Maltese most likely to believe their country would benefit from EU enlargement – and they’re not shy about saying it

Walk past any kazin in Birkirkara at sunset and you’ll hear the same spirited debate that’s been echoing across the islands since 2004: “Kemm se jkun ahjar Malta b’aktar pajjiżi fil-UE?” According to the latest Eurobarometer survey released this week, 74 % of Maltese respondents believe further EU enlargement would be “a good thing” for Malta—well above the EU average of 55 % and the highest score registered among all 27 member states.

For a nation that only shook off colonial rule in 1964 and spent decades guarding its fragile neutrality, the finding is striking. Yet on the ground the sentiment feels almost obvious. From Ħamrun’s family-run printing presses that now export festival posters to Romania, to the University of Malta’s medical school where Serbian and Ukrainian researchers share labs overlooking the Grand Harbour, enlargement is not an abstract Brussels dossier—it’s the next chapter in a success story most Maltese feel they co-authored.

“Every wave of new members has brought us more students, more tourists and, frankly, more customers,” says Stephanie Borg, whose Valletta boutique sells handmade filigree jewellery. Last summer she shipped 40 % of her online orders to Croatia and Slovenia—markets she barely registered before they joined the EU. “When people say ‘enlargement’, I just hear ‘opportunity’.”

The cultural ripple effects are just as visible. Sliema’s once-quiet side streets now hum with Polish bakeries and Bulgarian wine bars. At the Marsaxlokk Sunday fish market, Albanian families queue alongside Maltese nannas for lampuki, swapping recipes in accented Maltese that the older women greet with delight rather than suspicion. Language classes at the Malta College of Arts, Science & Technology report waiting lists for introductory Maltese—driven largely by new arrivals who want to read festa banners and follow village gossip.

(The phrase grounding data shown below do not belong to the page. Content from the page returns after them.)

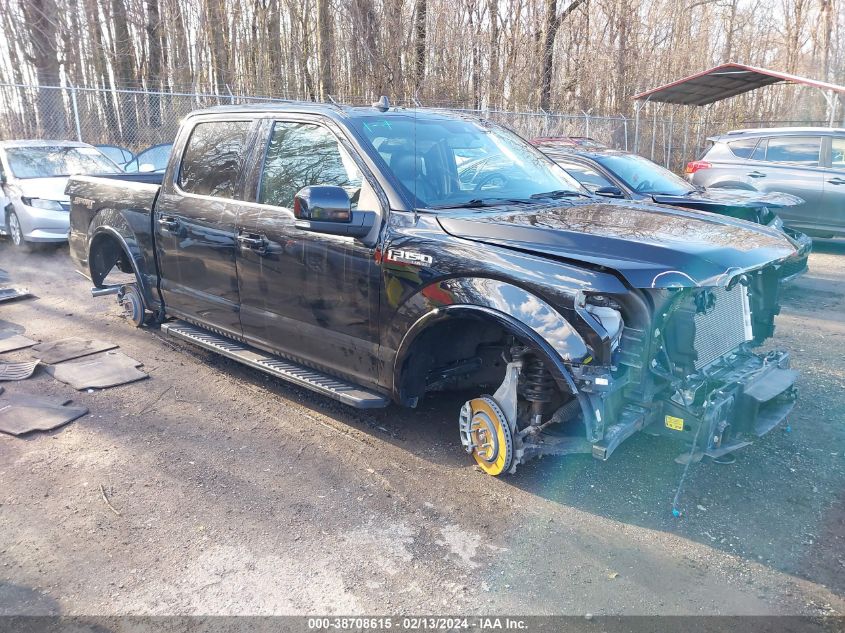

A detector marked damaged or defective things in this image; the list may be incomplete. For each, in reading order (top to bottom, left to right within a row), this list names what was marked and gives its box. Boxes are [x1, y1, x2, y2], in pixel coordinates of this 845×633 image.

damaged front bumper [648, 348, 796, 456]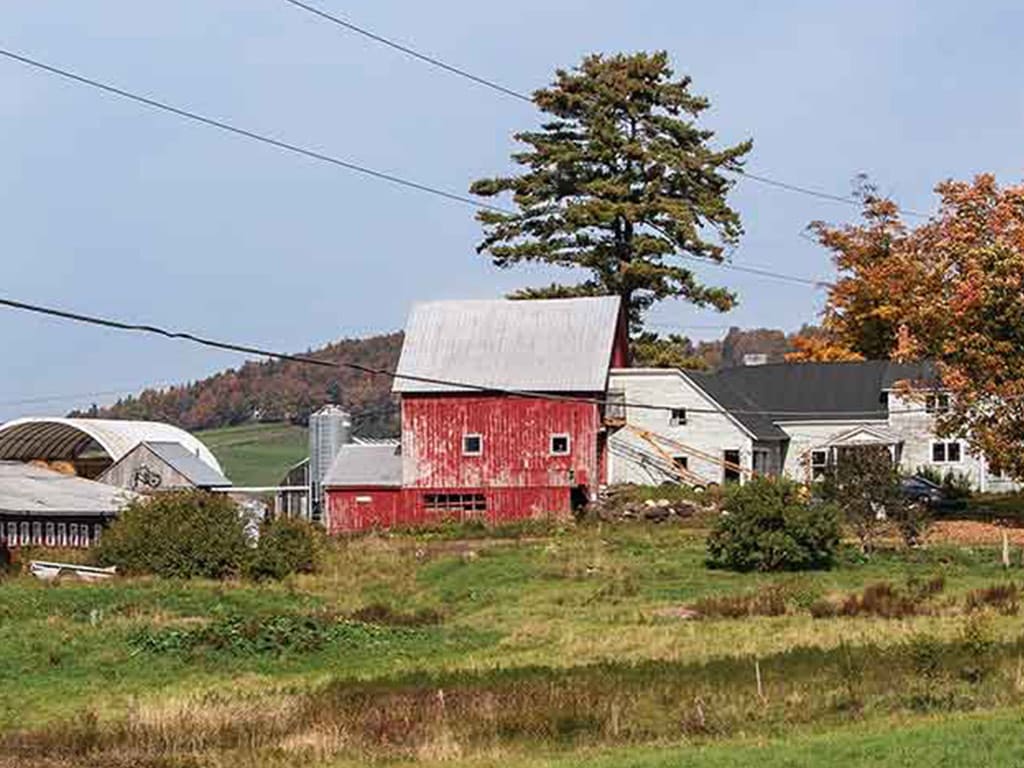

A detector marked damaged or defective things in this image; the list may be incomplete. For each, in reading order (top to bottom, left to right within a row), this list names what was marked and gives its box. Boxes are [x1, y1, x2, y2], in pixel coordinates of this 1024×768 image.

rusty metal roof [392, 296, 620, 396]
rusty metal roof [0, 462, 137, 516]
rusty metal roof [0, 416, 223, 472]
rusty metal roof [324, 440, 400, 488]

Not everyone is uncritical. Some social-housing advocates warn that rapid population growth strains already scarce apartments, pushing rents beyond the reach of young Maltese couples. “We need enlargement that works for everyone, not just landlords,” insists Andre Callus from the housing NGO Moviment Graffitti. Yet even critics concede that EU structural funds—topped up after each enlargement round—have financed social projects from Gozo’s new dementia day-centre to the solar-panel roofs blooming above historic townhouses.

Politically, the pro-enlargement mood cuts across party lines. Prime Minister Robert Abela told parliament last month that welcoming Western Balkan states is “a moral duty rooted in our own experience of isolation.” Opposition leader Bernard Grech echoed the theme at a PN youth forum, recalling how Maltese migrants once relied on open doors in Australia and Canada. The rare bipartisan harmony reflects a national narrative: small islands survive by staying connected.

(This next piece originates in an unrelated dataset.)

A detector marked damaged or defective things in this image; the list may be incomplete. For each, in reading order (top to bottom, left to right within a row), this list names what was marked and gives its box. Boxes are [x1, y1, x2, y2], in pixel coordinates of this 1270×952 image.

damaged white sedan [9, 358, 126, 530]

The church, still a moral compass for many, has also weighed in. Archbishop Charles Scicluna used his Sunday homily at St John’s Co-Cathedral to praise “a Europe enlarged not only in geography but in solidarity.” His words resonated with parishioners like 68-year-old Maria Vella from Qormi, who volunteers with the Migrants Commission. “My grandmother hid British pilots during the war because they were fighting for freedom. Today we give that same welcome to people escaping other conflicts.”

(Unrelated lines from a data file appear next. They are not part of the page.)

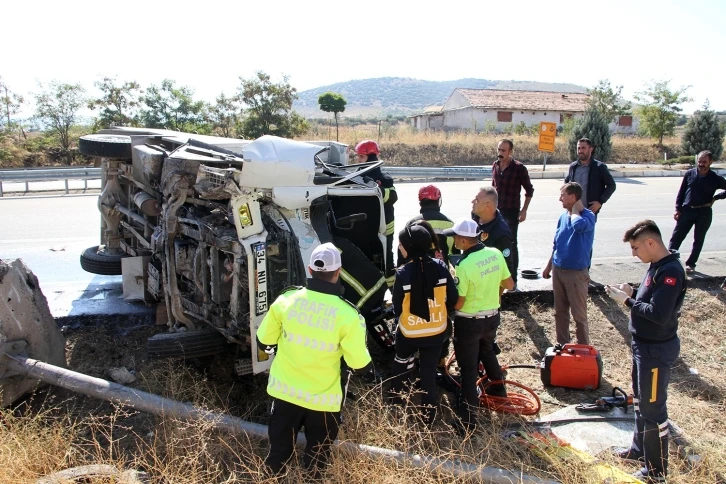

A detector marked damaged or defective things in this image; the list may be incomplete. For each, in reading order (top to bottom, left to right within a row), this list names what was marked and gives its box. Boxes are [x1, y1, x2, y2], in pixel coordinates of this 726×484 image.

overturned truck [79, 129, 396, 374]
bent metal pole [5, 356, 556, 484]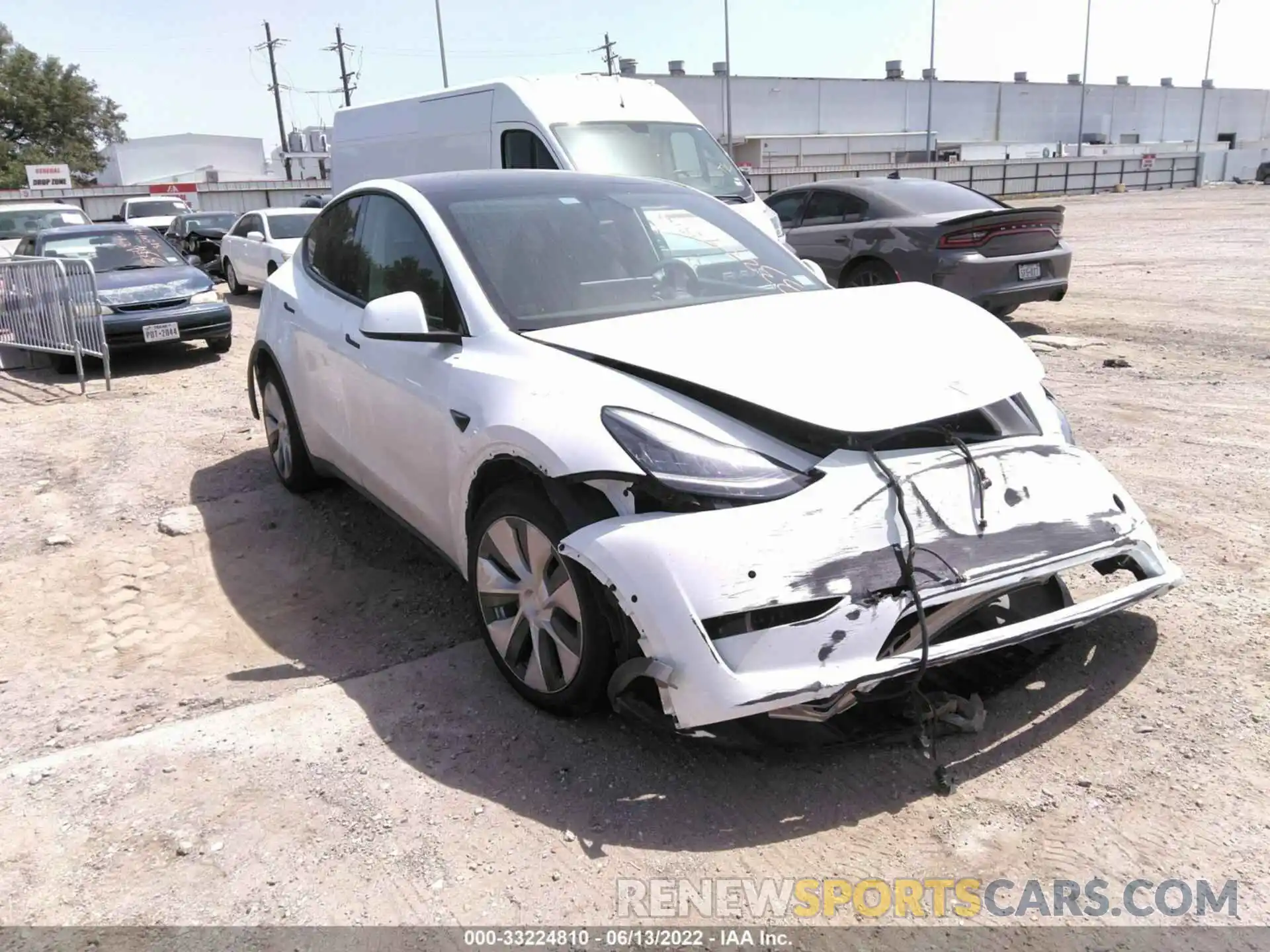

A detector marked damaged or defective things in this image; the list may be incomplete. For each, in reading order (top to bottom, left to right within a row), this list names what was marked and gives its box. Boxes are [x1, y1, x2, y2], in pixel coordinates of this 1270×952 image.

broken headlight [603, 405, 820, 502]
damaged white tesla [253, 169, 1185, 735]
crumpled front bumper [561, 439, 1185, 730]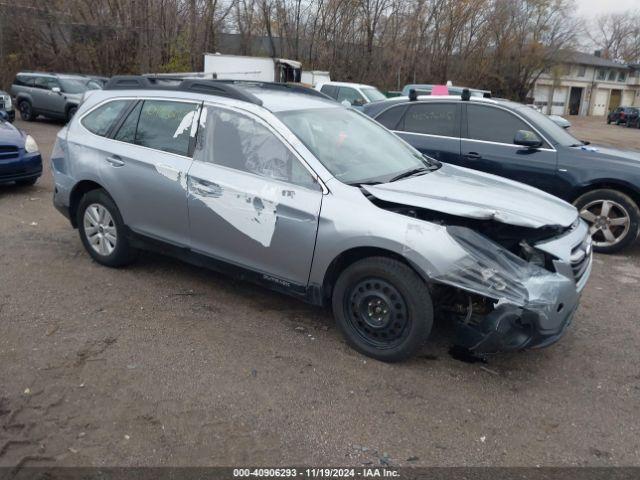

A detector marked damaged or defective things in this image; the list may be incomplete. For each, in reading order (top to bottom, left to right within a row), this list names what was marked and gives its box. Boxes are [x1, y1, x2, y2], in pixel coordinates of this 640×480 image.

crumpled hood [0, 119, 24, 145]
damaged subaru outback [52, 76, 592, 360]
crumpled hood [362, 163, 576, 229]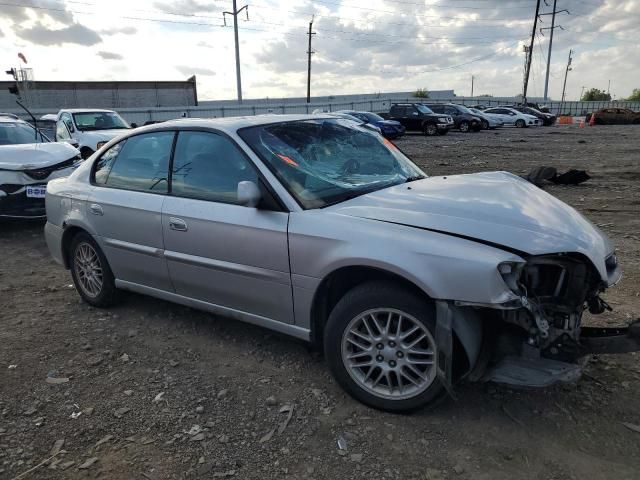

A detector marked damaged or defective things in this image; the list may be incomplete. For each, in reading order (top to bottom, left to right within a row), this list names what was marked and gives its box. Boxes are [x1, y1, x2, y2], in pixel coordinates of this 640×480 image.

crushed hood [0, 142, 80, 170]
damaged white car [0, 113, 82, 218]
damaged silver sedan [42, 117, 636, 412]
damaged white car [42, 117, 636, 412]
crushed hood [330, 171, 616, 280]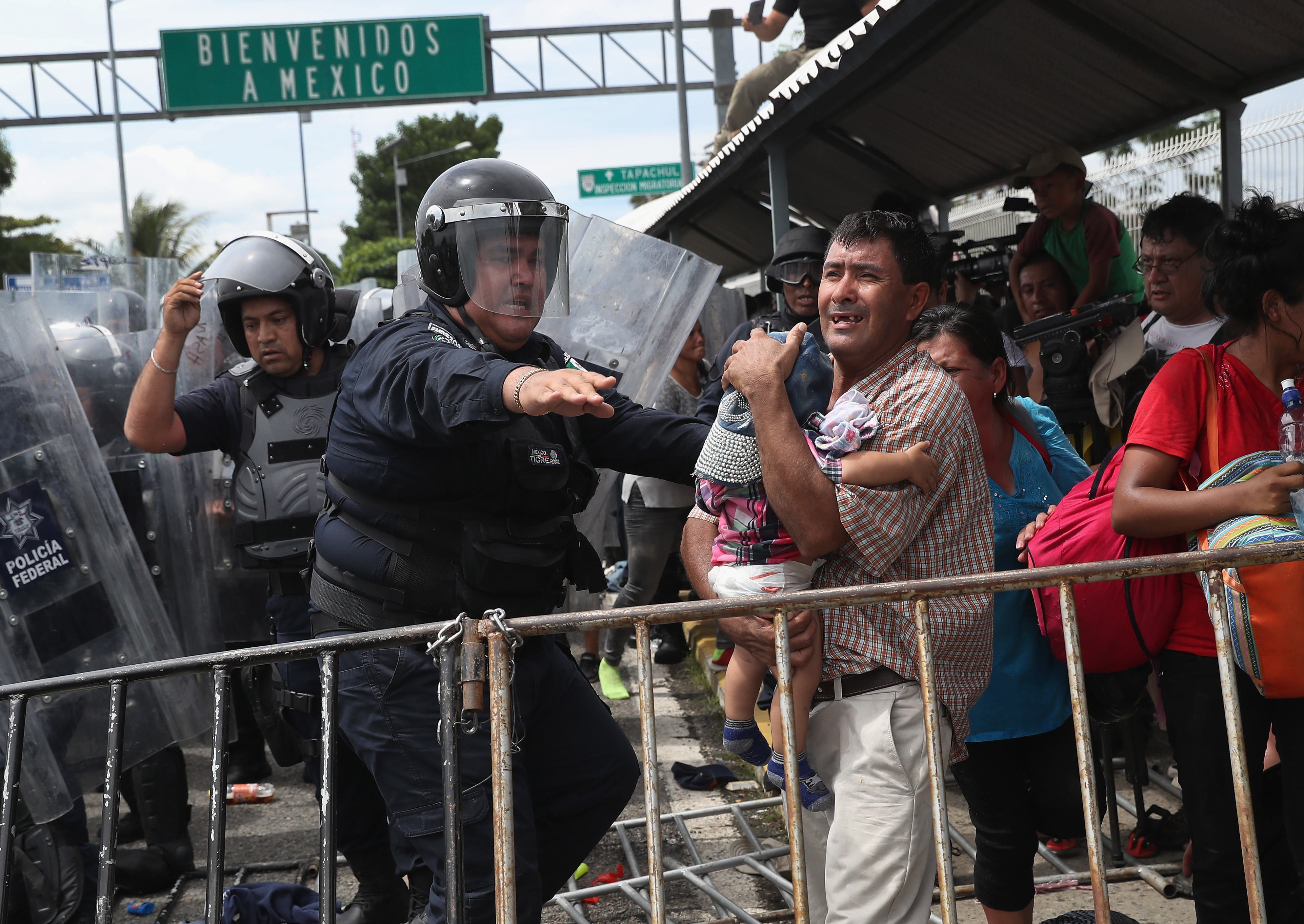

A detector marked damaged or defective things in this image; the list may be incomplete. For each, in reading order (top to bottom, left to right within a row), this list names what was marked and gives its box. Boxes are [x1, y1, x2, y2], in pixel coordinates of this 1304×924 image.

Looking ahead, Maltese enthusiasm could shape the next EU summit in June, where accession talks with Ukraine and Moldova are on the table. Diplomats say Malta—now enjoying a rare moment as the bloc’s most enlargement-friendly member—may lobby to fast-track reforms rather than impose new hurdles. For a country long accustomed to being the smallest voice in the room, that is heady stuff.

Back in the kazins, the debate will rumble on over pastizzi and Cisk. But the consensus is clear: in Malta, enlargement is not about losing sovereignty; it is about multiplying friendships. And on an island where every horizon ends in water, more friends mean more bridges—exactly what the nation has been building since the first Phoenician sailors dropped anchor in Marsaxlokk bay.